= Kabta =

Kabta, inscribed ^{d}kab-ta, ^{d}ka-ab-ta, ^{d}TA-gu-nû, or later ^{d}TAxMI, was a rather obscure Mesopotamian deity who appears in texts and seals of the second and first millennium BC. He is frequently paired with Ninsianna, the “Red Lady of the Heavens” or Venus star, who immediately follows him on the Weidner god-list.

==Provenance==

He was first attested during the Ur III period, sometimes under the Sumerian name Maḫdianna, inscribed ^{d}maḫ-di-an-na, the “Lofty one of heaven.” This suggests an astral character and explains his pairing with “Ištar (of) the star” (Ninsi’anna). Unfortunately, due to a break in the god-list An = Anum, further elucidation is unavailable and even the god’s gender is uncertain. Lambert suggested that he was her spouse and seal impressions from Larsa during the Isin-Larsa period seem to confirm this.

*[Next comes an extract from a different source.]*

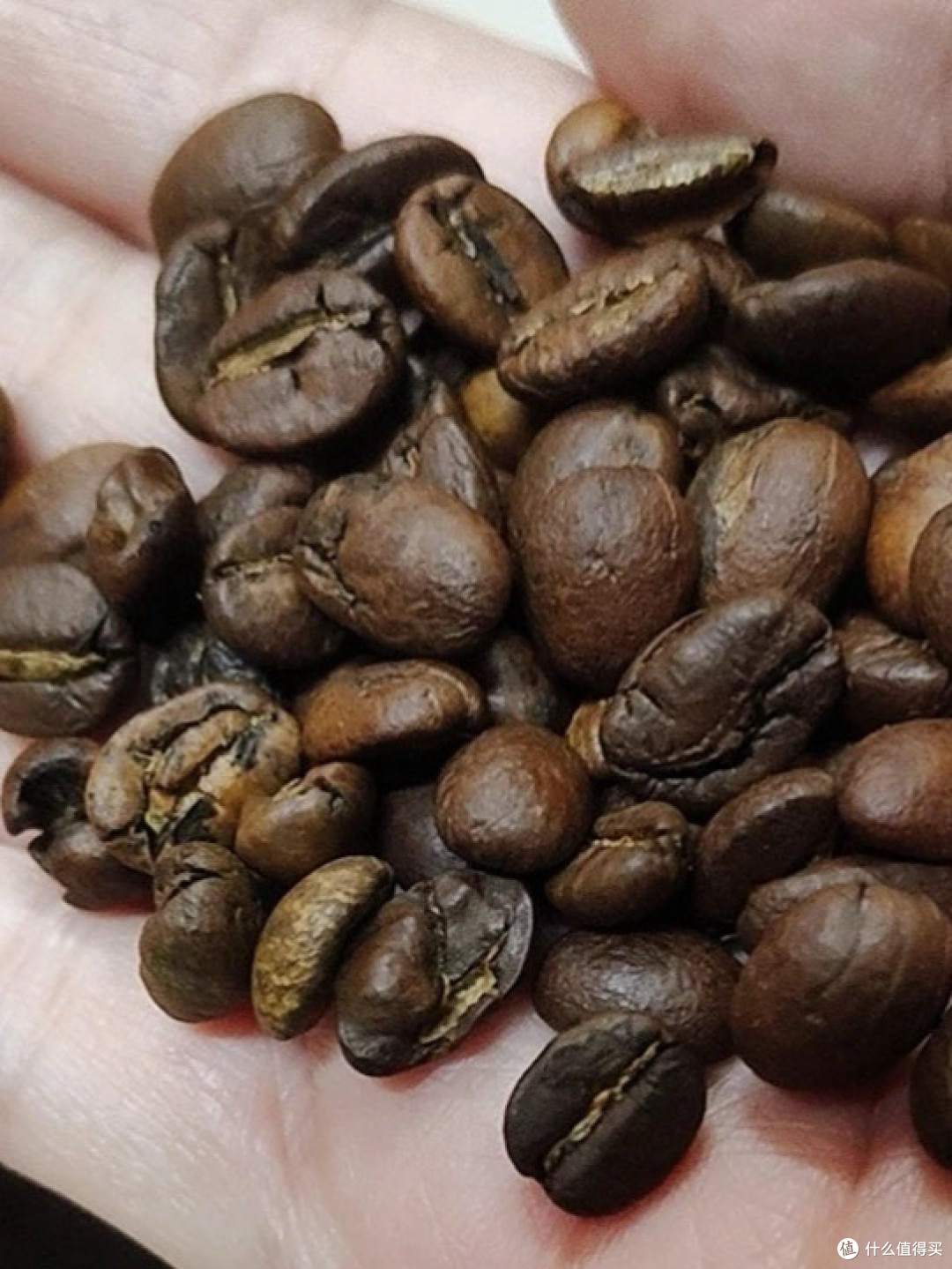 云南咖啡豆选购全攻略：开启醇香之旅_咖啡_什么值得买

Kabta appears as the theophoric element in several names of the Old Babylonian and Kassite period, such as Nūr-Kabta, Amat-Kabta, Kabta-naṣir and Šu-Kabta.

Kabta is often confused with Kulla, the brick-god, in literature, probably due to a misreading of line 337 from 'Enki and the World Order' by Samuel Noah Kramer, published in his work “Sumerian Mythology”, although Lambert blamed Dietz Otto Edzard for this error.